### TRY IT:
Write out, word for word and with no pictures, each line below from the one containing "Vier verschiedene Farbpferde, Hüftkolben" through the one containing "- 彩色 - 查看 10", both included, and no other line.

### DATA TO USE:
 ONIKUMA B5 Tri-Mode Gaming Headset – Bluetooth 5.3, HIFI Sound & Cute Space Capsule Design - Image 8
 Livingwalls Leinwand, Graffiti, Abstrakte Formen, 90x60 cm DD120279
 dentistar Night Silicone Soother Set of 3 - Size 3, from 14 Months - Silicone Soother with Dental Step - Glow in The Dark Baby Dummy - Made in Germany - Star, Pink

--

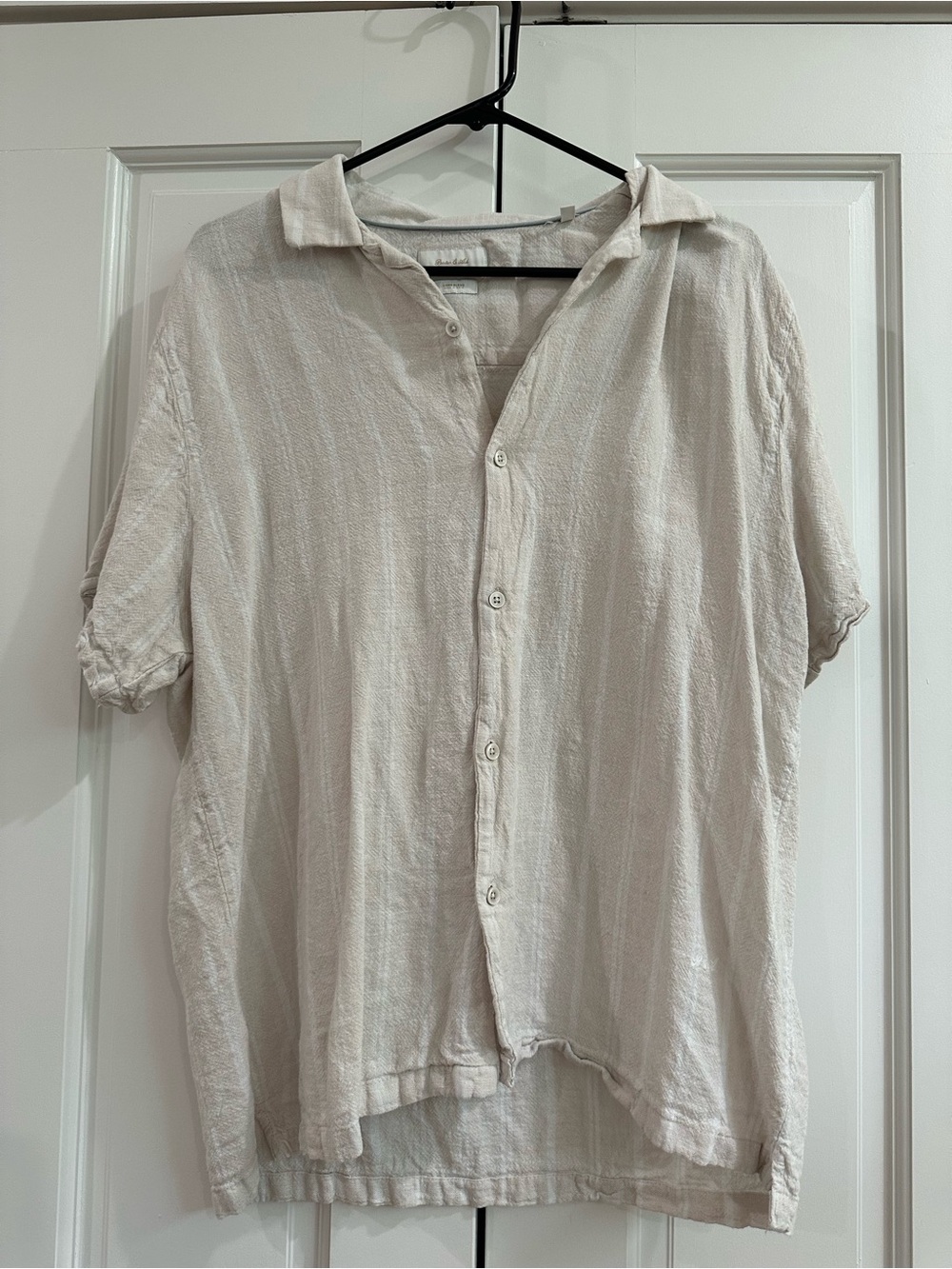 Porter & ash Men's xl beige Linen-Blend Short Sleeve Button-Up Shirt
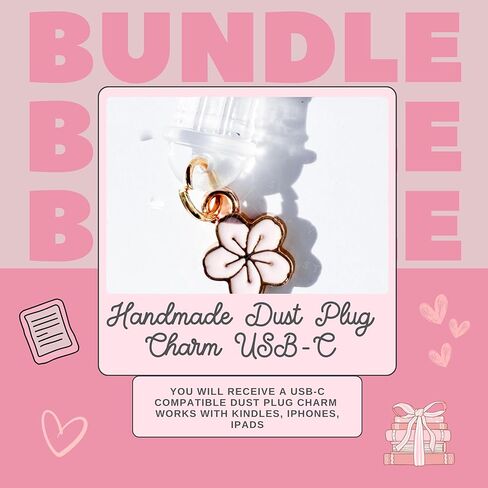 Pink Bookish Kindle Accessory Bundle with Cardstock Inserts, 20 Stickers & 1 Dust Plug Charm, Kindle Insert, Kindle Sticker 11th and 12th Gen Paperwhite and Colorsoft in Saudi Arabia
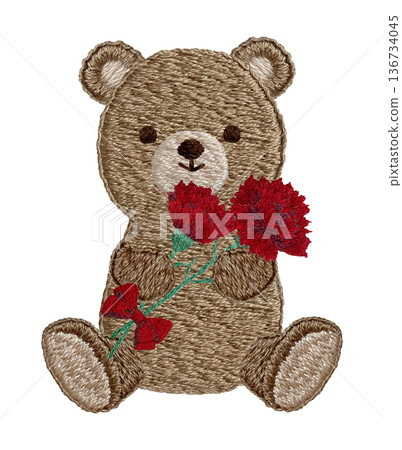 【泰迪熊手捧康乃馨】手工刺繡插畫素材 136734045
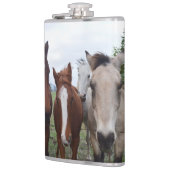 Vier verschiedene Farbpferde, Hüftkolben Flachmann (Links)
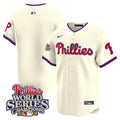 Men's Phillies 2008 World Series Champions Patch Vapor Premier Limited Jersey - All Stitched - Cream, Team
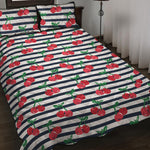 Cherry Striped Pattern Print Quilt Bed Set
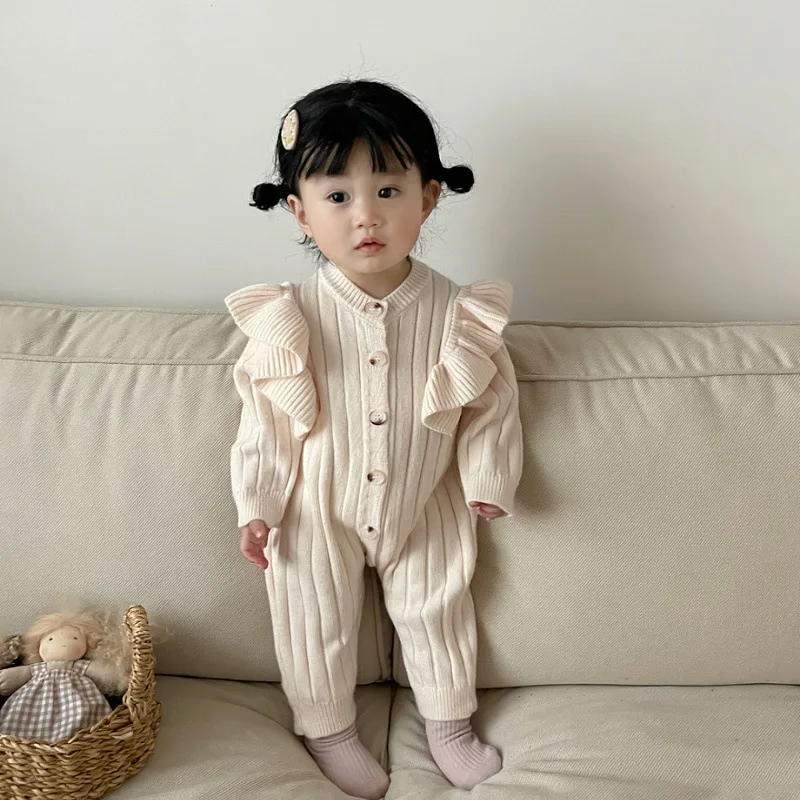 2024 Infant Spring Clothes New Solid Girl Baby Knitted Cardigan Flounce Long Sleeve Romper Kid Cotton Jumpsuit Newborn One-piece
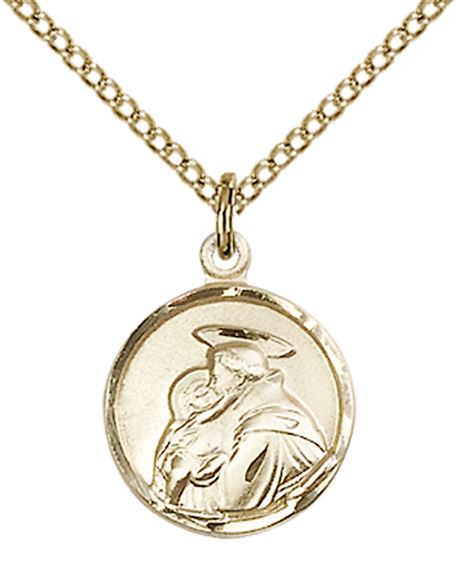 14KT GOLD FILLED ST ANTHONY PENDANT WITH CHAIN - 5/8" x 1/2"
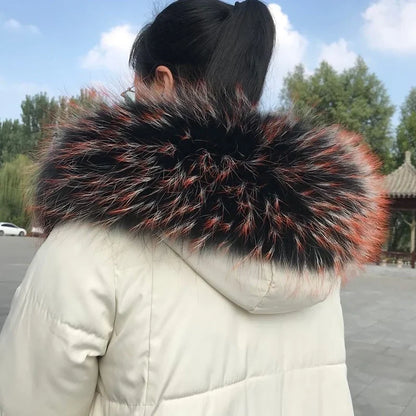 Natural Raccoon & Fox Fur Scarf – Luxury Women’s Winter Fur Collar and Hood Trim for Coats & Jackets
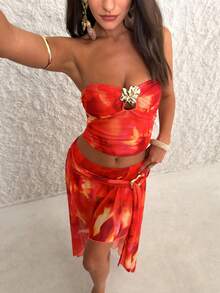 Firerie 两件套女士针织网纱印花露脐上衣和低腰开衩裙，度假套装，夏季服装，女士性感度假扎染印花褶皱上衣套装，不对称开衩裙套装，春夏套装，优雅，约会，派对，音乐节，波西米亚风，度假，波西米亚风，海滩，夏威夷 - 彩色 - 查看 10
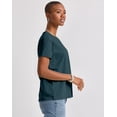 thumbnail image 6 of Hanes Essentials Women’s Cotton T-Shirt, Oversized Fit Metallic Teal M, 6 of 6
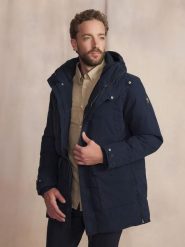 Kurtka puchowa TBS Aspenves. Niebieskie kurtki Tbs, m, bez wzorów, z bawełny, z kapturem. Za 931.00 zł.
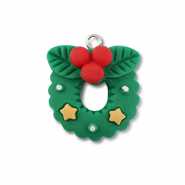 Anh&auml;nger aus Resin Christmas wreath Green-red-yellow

### RESULT FOR THIS TASK:
 Vier verschiedene Farbpferde, Hüftkolben Flachmann (Links)
 Men's Phillies 2008 World Series Champions Patch Vapor Premier Limited Jersey - All Stitched - Cream, Team
 Cherry Striped Pattern Print Quilt Bed Set
 2024 Infant Spring Clothes New Solid Girl Baby Knitted Cardigan Flounce Long Sleeve Romper Kid Cotton Jumpsuit Newborn One-piece
 14KT GOLD FILLED ST ANTHONY PENDANT WITH CHAIN - 5/8" x 1/2"
 Natural Raccoon & Fox Fur Scarf – Luxury Women’s Winter Fur Collar and Hood Trim for Coats & Jackets
 Firerie 两件套女士针织网纱印花露脐上衣和低腰开衩裙，度假套装，夏季服装，女士性感度假扎染印花褶皱上衣套装，不对称开衩裙套装，春夏套装，优雅，约会，派对，音乐节，波西米亚风，度假，波西米亚风，海滩，夏威夷 - 彩色 - 查看 10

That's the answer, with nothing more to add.